┌────────
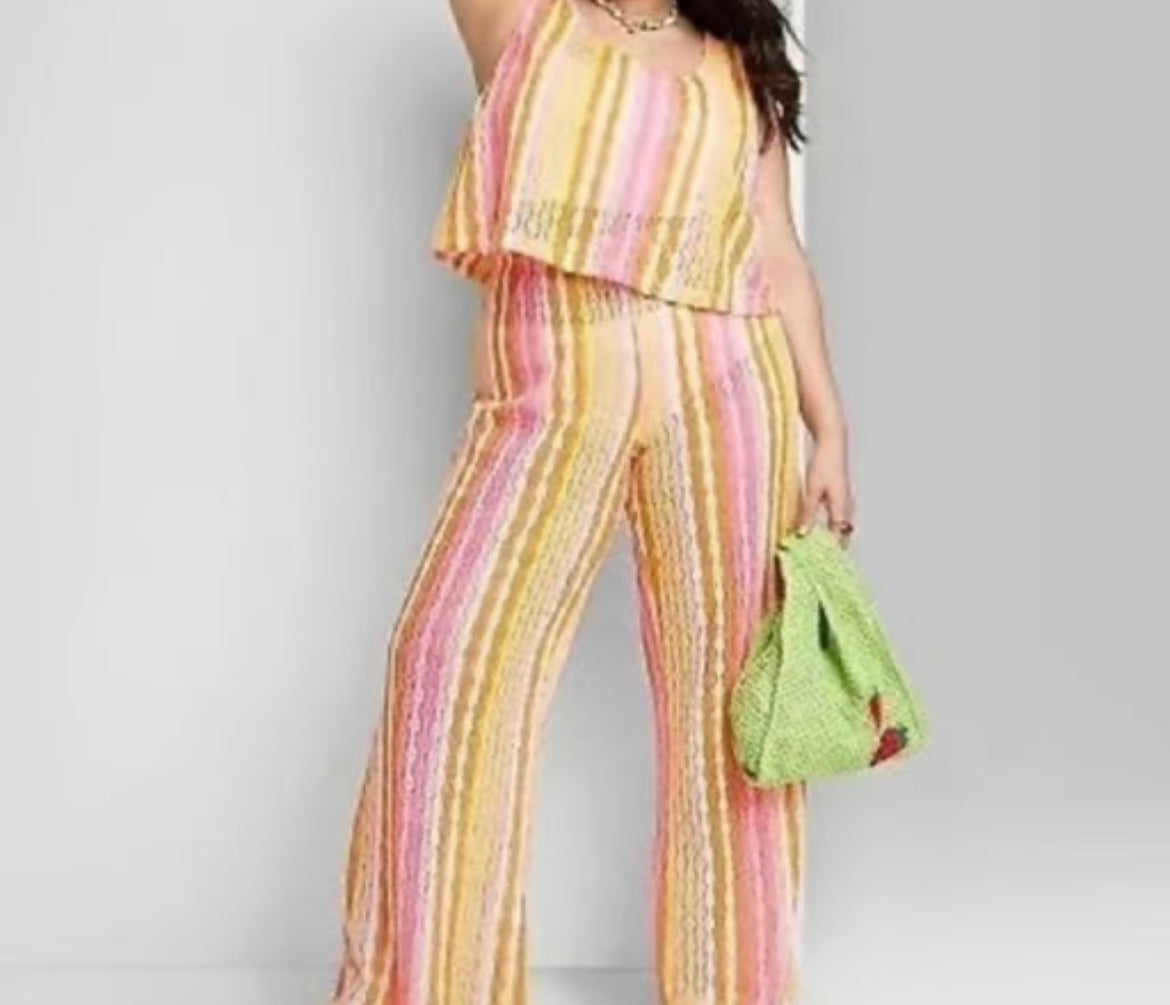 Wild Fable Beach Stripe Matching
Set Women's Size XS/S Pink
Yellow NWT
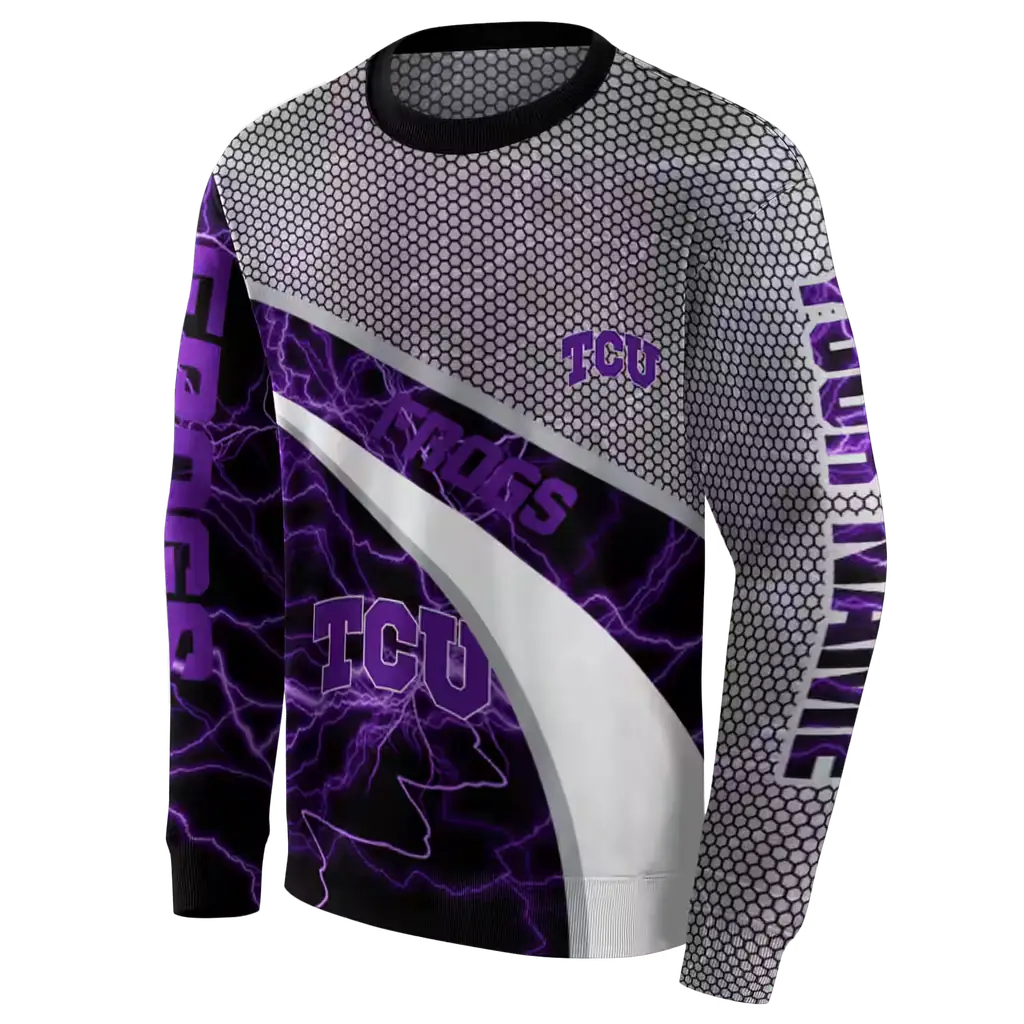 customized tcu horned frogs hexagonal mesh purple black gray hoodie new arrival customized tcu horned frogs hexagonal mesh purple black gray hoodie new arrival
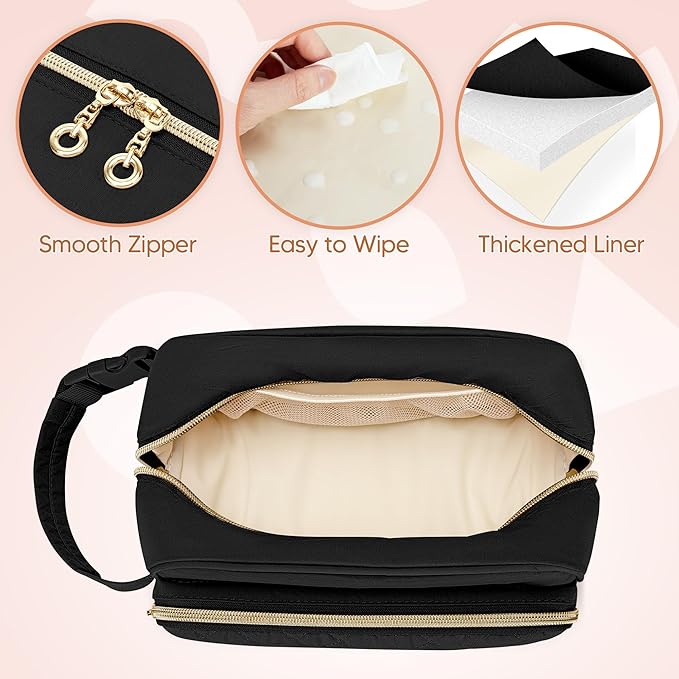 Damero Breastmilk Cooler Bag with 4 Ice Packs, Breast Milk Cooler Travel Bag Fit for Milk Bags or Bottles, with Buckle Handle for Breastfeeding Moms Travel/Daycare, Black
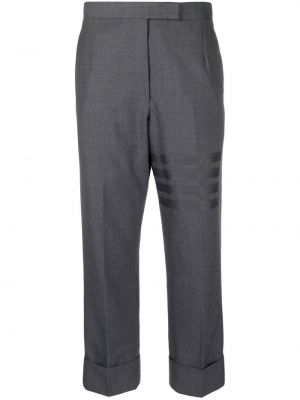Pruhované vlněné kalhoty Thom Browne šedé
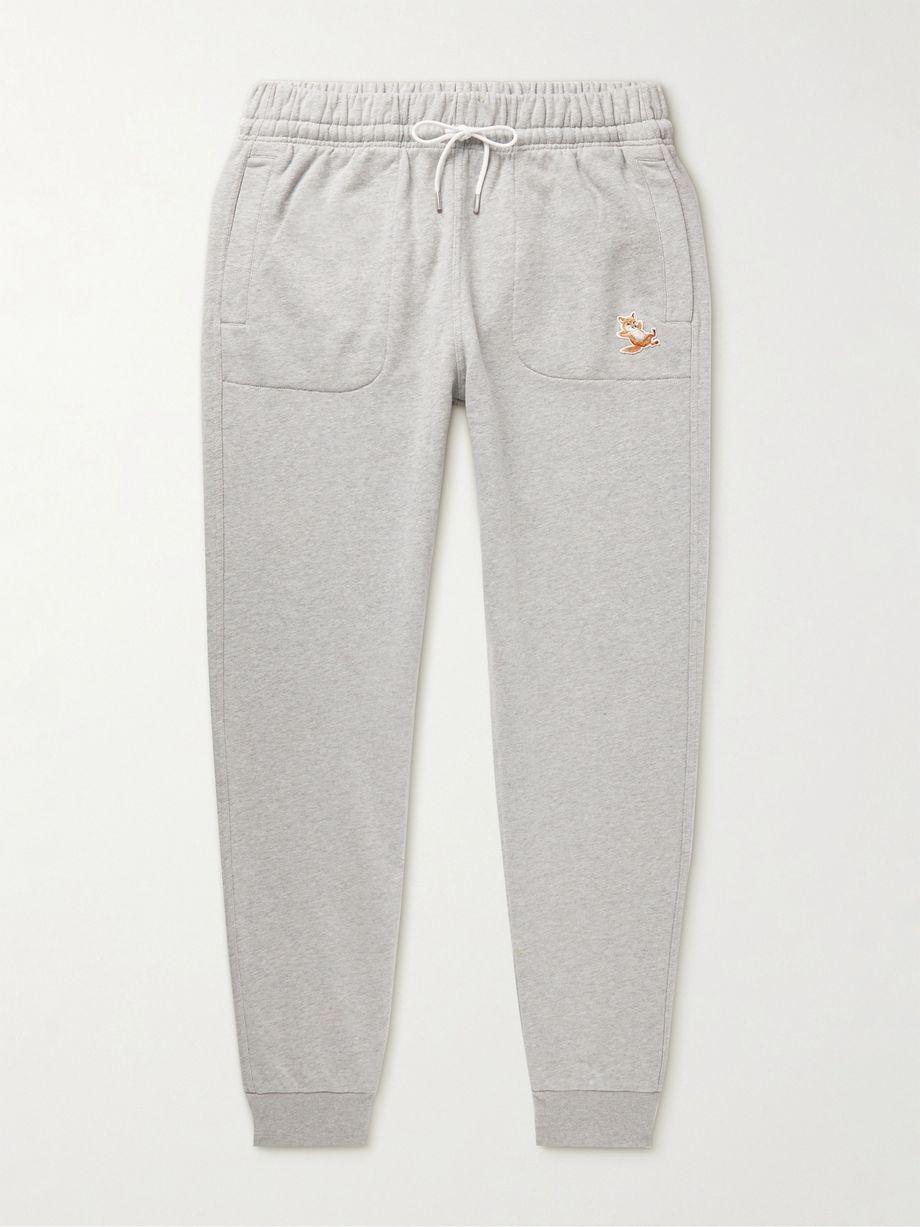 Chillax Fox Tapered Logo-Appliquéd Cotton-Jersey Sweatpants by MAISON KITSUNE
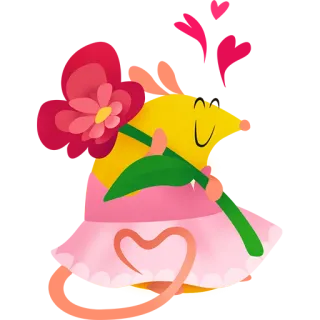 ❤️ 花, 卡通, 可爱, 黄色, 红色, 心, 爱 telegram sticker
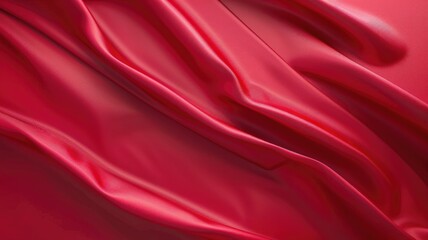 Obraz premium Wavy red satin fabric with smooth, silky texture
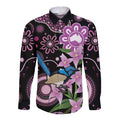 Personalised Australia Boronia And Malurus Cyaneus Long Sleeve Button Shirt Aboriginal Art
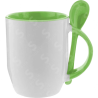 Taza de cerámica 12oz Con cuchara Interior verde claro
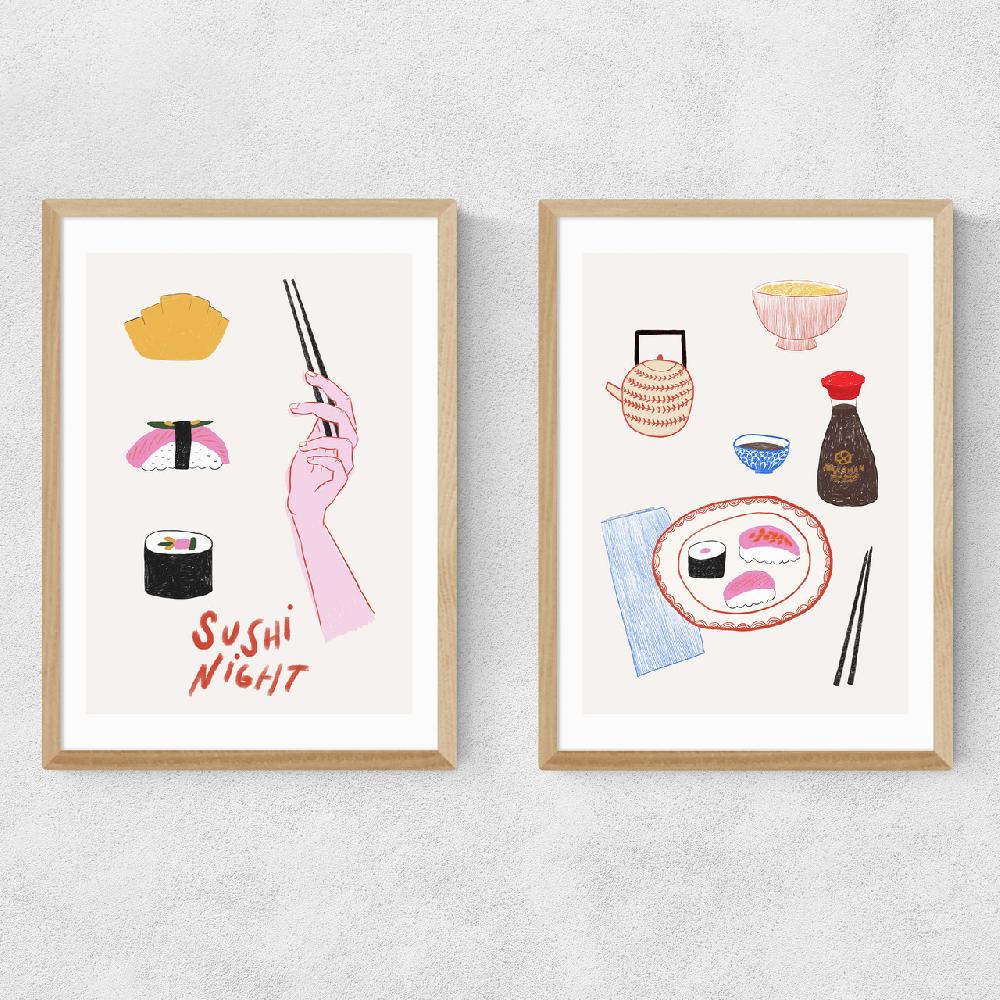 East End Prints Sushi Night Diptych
└────────
* YOUR INSTRUCTIONS
Could you repeat exactly the lines from the one containing "Obraz premium Wavy" through the last line of the records, both included, without the pictures?

* EXERCISE OUTPUT
 Obraz premium Wavy red satin fabric with smooth, silky texture
 Personalised Australia Boronia And Malurus Cyaneus Long Sleeve Button Shirt Aboriginal Art
 Taza de cerámica 12oz Con cuchara Interior verde claro
 East End Prints Sushi Night Diptych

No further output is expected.